▶ [Exercise] Each line of the data is to be output verbatim, with the images removed.

Pictures with short captions
*** Block opens ***
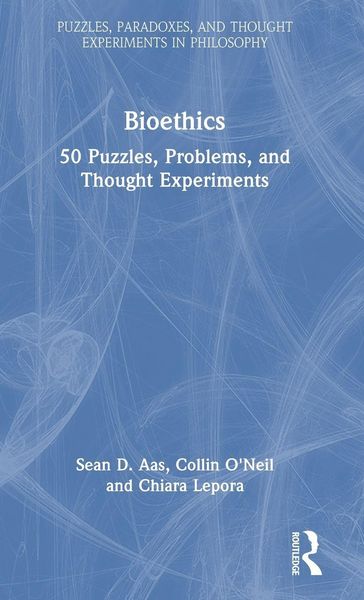 Produktbild: Bioethics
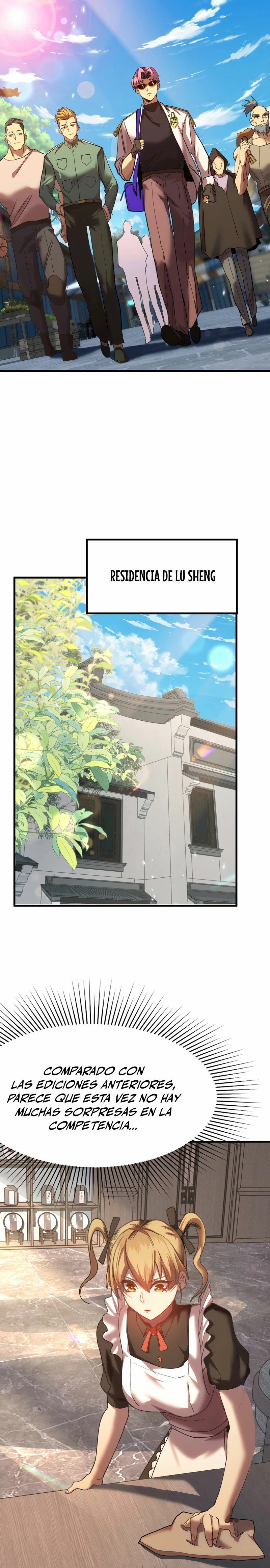 Read Subiendo De Nivel 10.000 Años En el Futuro es Manga Online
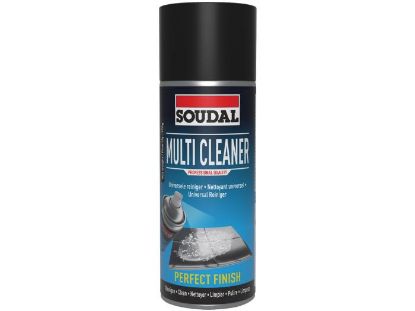 Agrandir l'image de Soudal Multi Cleaner Foam 400ml Image de Soudal Multi Cleaner Foam 400ml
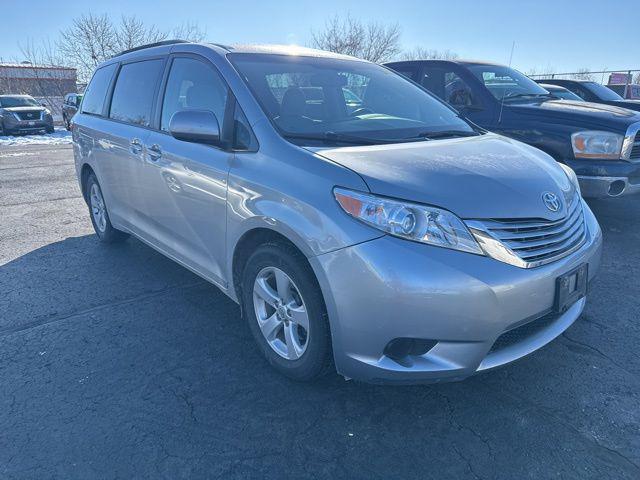 used 2015 Toyota Sienna car, priced at $8,776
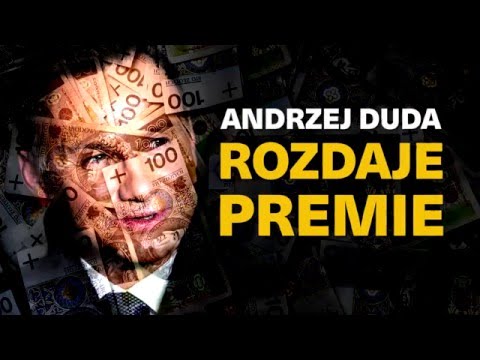 Andrzej Duda wręczył milion złotych premii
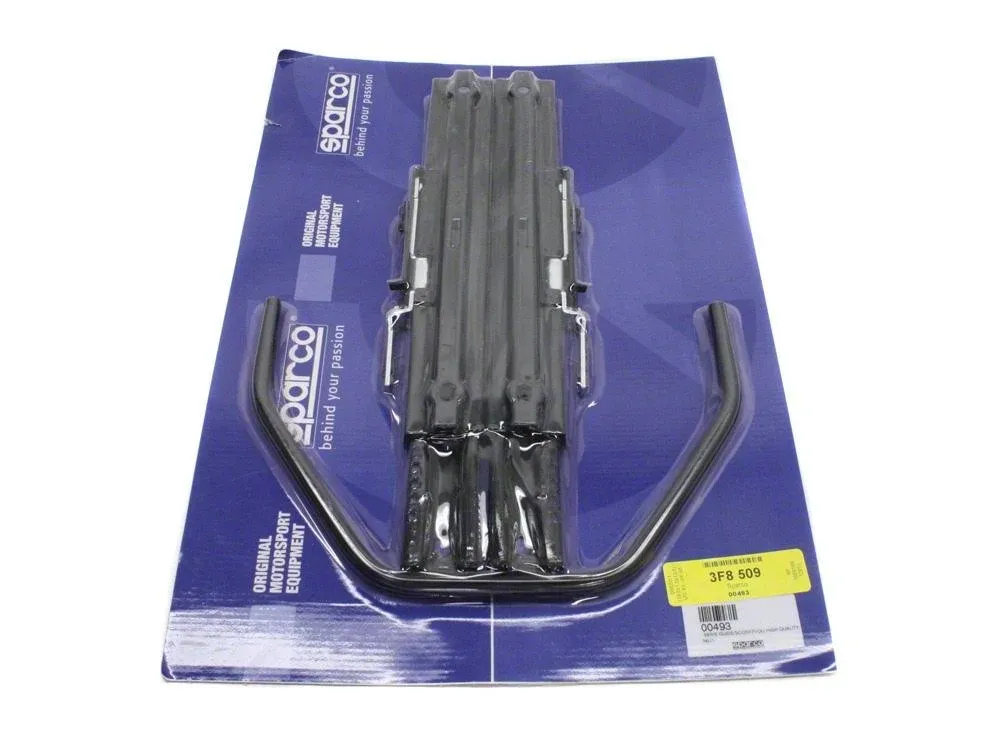 Sparco Seat Track Set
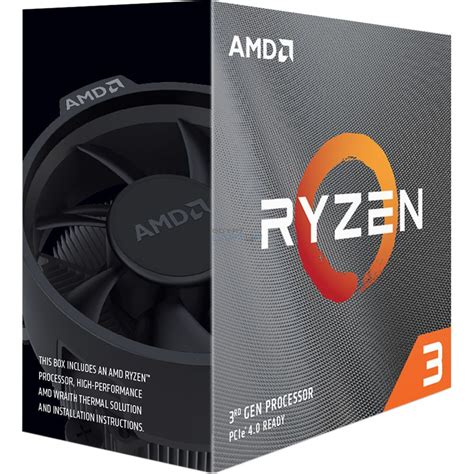 AMD Ryzen 5 3300X with Wraith Stealth cooler, egyptlaptop,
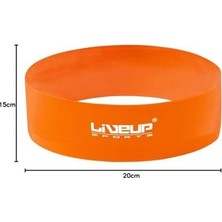 Ala Store Liveup LS3650C Egzersiz Lastiği-Loop Band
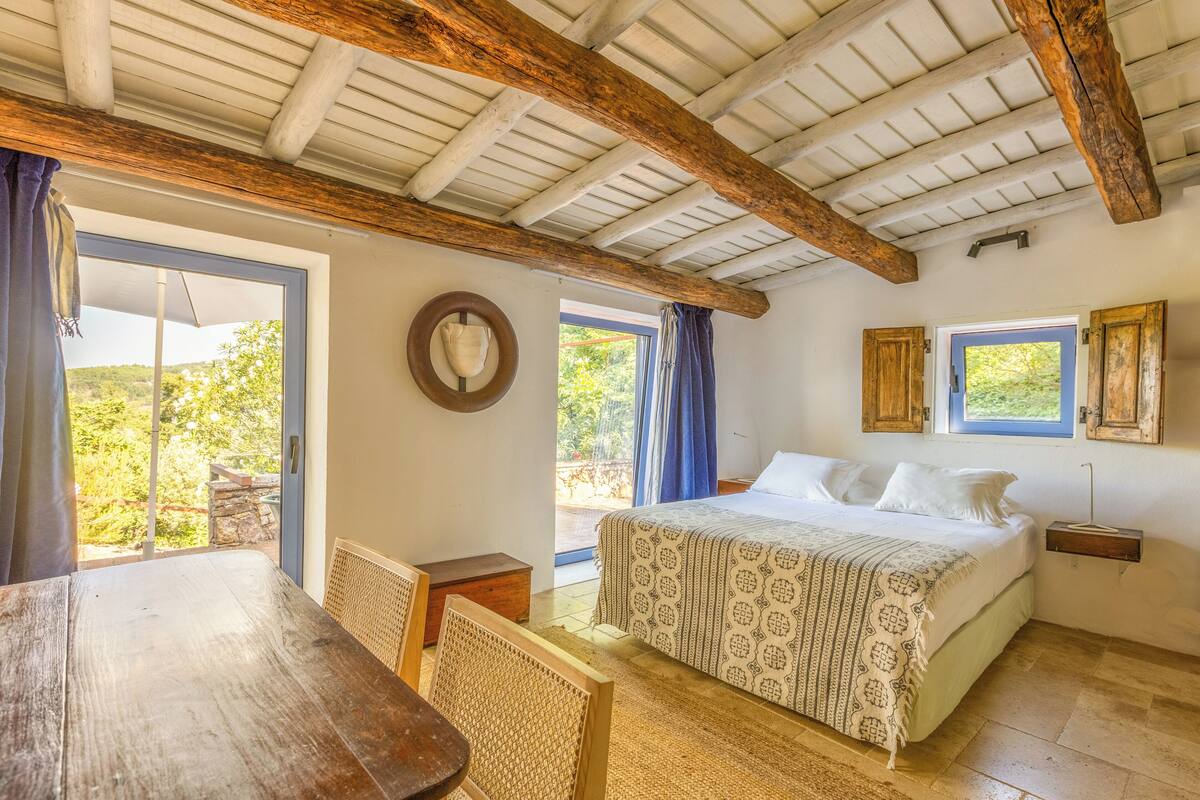 Standard Studio Suite, 1 Double Bed, Balcony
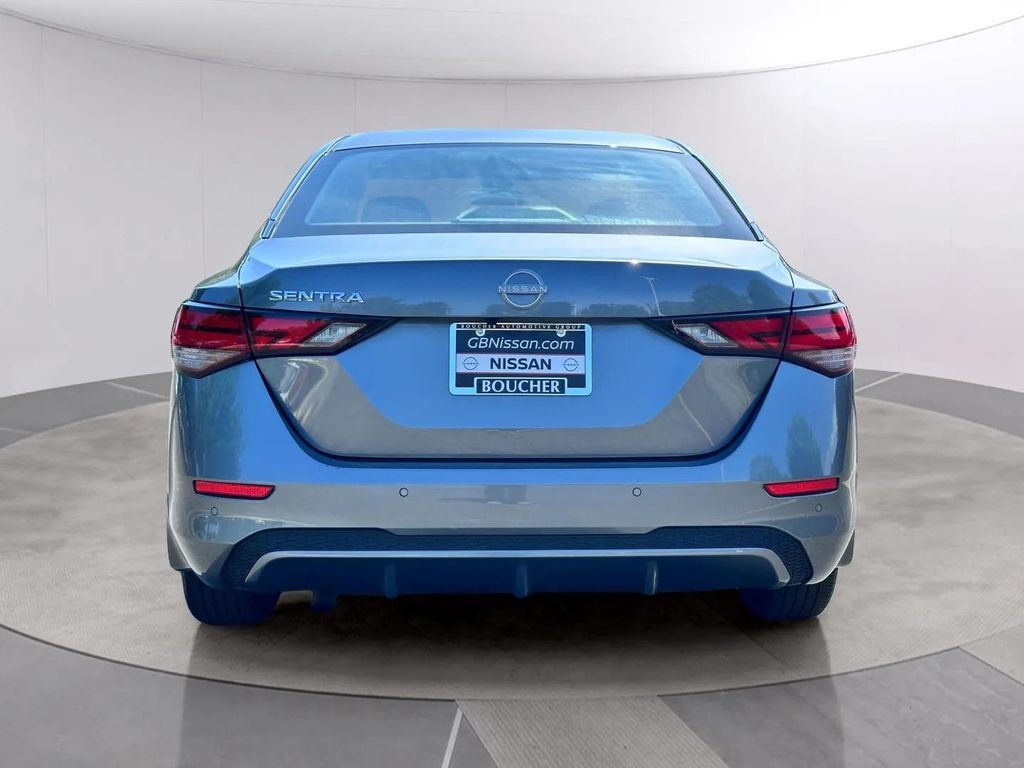2025 Nissan Sentra S San Clemente CA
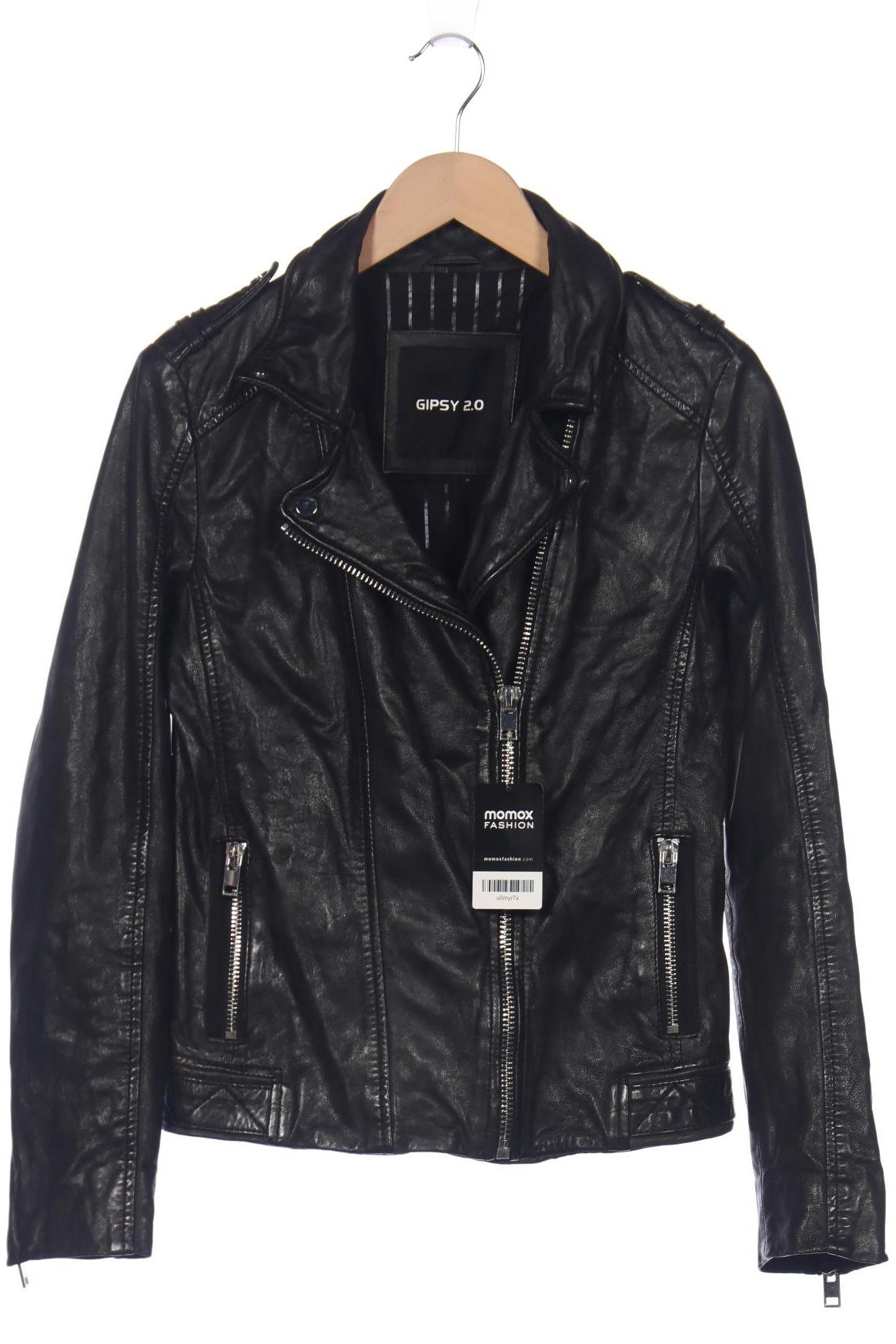 

Gipsy Damen Jacke, schwarz, Gr. 38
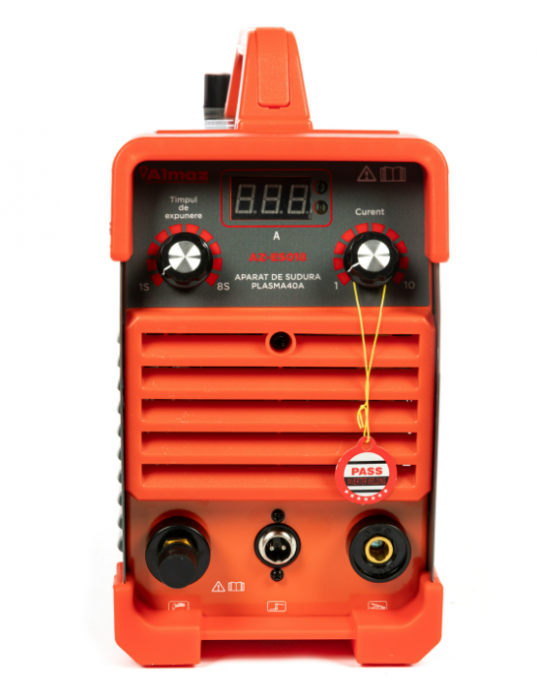 Aparat de taiat cu Plasma 40A [4]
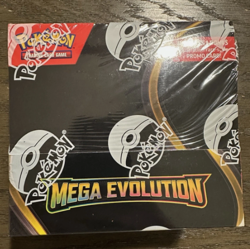 Mega Evolution Enhanced Booster Box (36 Packs Factory Sealed-Pokemon TCG NEW - Image 1
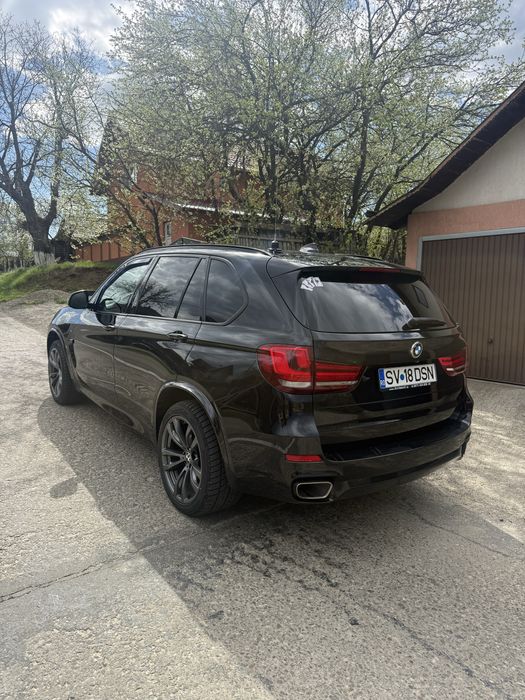 BMW X5 2014 — imagine 3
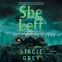 Cover Image: She Left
*** Block closes ***
▶ [Result below]
 Produktbild: Bioethics
 Read Subiendo De Nivel 10.000 Años En el Futuro es Manga Online
 Agrandir l'image de Soudal Multi Cleaner Foam 400ml Image de Soudal Multi Cleaner Foam 400ml
 used 2015 Toyota Sienna car, priced at $8,776
 Andrzej Duda wręczył milion złotych premii
 Sparco Seat Track Set
 AMD Ryzen 5 3300X with Wraith Stealth cooler, egyptlaptop,
 Ala Store Liveup LS3650C Egzersiz Lastiği-Loop Band
 Standard Studio Suite, 1 Double Bed, Balcony
2025 Nissan Sentra S San Clemente CA

Gipsy Damen Jacke, schwarz, Gr. 38
 Aparat de taiat cu Plasma 40A [4]
 Mega Evolution Enhanced Booster Box (36 Packs Factory Sealed-Pokemon TCG NEW - Image 1
 BMW X5 2014 — imagine 3
 Cover Image: She Left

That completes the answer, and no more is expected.